Sejak perang Timur Tengah tahun 1967, Israel telah menduduki dan kemudian mencaplok wilayah Suriah selatan yang dikenal sebagai Dataran Tinggi Golan. Sebagian besar negara lain, selain AS, menganggap Golan sebagai wilayah yang diduduki.
Rangkaian aksi pengeboman Israel terhadap fasilitas militer Suriah dan pendudukannya atas wilayah Suriah di zona penyangga demiliterisasi Dataran Tinggi Golan dan wilayah tetangga, kata Pedersen, "merupakan bahaya bagi masa depan Suriah, dan kegiatan ini harus segera dihentikan".
"Tidak ada alasan bagi Israel untuk menduduki wilayah Suriah yang baru. Golan sudah diduduki. Mereka tidak membutuhkan wilayah baru untuk diduduki.
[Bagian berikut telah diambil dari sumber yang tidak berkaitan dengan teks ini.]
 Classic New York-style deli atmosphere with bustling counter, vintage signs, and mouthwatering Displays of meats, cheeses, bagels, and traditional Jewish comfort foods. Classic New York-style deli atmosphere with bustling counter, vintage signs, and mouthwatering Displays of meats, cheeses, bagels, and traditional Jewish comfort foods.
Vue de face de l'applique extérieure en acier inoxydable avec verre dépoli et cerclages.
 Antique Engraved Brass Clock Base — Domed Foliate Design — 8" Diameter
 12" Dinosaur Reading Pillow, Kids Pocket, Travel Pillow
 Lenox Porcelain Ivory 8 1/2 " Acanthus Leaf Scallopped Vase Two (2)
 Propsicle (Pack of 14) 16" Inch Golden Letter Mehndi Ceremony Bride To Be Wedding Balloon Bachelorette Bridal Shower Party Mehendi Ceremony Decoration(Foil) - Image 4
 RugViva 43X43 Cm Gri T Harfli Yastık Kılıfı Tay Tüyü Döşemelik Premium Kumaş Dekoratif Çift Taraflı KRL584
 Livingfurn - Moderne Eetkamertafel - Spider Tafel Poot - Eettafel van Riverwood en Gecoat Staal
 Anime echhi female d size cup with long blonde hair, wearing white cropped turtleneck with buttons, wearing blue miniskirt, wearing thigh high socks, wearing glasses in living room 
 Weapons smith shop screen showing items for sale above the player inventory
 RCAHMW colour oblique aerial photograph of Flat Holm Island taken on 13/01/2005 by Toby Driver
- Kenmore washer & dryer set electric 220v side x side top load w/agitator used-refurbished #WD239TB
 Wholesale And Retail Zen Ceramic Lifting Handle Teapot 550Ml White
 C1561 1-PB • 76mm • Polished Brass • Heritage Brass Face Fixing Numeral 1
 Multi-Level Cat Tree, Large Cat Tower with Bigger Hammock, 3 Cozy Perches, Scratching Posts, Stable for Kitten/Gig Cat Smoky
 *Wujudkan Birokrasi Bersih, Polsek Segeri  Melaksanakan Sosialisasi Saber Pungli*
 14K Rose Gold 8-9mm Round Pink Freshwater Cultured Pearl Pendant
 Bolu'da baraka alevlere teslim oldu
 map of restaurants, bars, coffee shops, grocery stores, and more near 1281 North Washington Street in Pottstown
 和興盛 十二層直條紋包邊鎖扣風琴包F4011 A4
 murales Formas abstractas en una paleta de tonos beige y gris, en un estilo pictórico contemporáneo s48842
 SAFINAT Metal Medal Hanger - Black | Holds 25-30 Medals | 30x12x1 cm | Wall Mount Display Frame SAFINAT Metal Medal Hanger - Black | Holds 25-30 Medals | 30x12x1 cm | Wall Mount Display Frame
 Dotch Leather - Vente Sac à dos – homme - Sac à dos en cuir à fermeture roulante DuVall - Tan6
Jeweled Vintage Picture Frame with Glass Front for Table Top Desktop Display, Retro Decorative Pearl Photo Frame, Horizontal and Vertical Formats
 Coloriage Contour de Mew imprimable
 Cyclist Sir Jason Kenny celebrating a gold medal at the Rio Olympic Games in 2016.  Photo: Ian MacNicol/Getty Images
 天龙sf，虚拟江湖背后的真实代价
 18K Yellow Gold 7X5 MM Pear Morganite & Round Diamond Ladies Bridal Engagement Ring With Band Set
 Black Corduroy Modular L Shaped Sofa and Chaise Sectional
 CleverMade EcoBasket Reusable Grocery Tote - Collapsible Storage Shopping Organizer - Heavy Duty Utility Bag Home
Jadi yang perlu kita lihat adalah bahwa Israel juga bertindak dengan cara yang tidak mengganggu proses transisi yang sangat, sangat rapuh ini," tambahnya.
Setelah 54 tahun di bawah kekuasaan keluarga Assad yang otoriter, Suriah terpecah-pecah.
Sejumlah kota dan desa rusak parah akibat perang selama hampir 14 tahun dan penduduk trauma akibat perang dan kekejaman rezim yang mematikan.
Pedersen mengatakan sangat penting bagi HTS untuk memulai proses yang akan membawa keadilan bagi semua keluarga dari lebih 100.000 warga Suriah yang hilang setelah ditahan oleh rezim sejak 2011. Sebagian besar diduga telah meninggal.
"Jika proses ini tidak bergerak ke arah yang benar, ada bahaya besar bahwa kemarahan ini dapat meletus dengan cara yang tidak menguntungkan siapa pun."
Warga Suriah, kata Pedersen, ingin melihat proses pembangunan kembali negara mereka. Itu mungkin sulit mengingat pergolakan di Timur Tengah dan kecenderungan tetangga Suriah dan negara-negara besar lainnya untuk ikut campur.
Jika HTS menepati janjinya, "dalam beberapa minggu dan bulan ke depan ada harapan bahwa Suriah dapat memiliki masa depan yang cerah", katanya.
Ia memperingatkan bahwa jika hal itu tidak terjadi, "ada pula bahaya pertikaian baru dan bahkan perang saudara."
"Namun, kita perlu bertaruh bahwa masa depan Suriah kini dapat diperbaiki. Dan bahwa kita dapat memulai proses penyembuhan."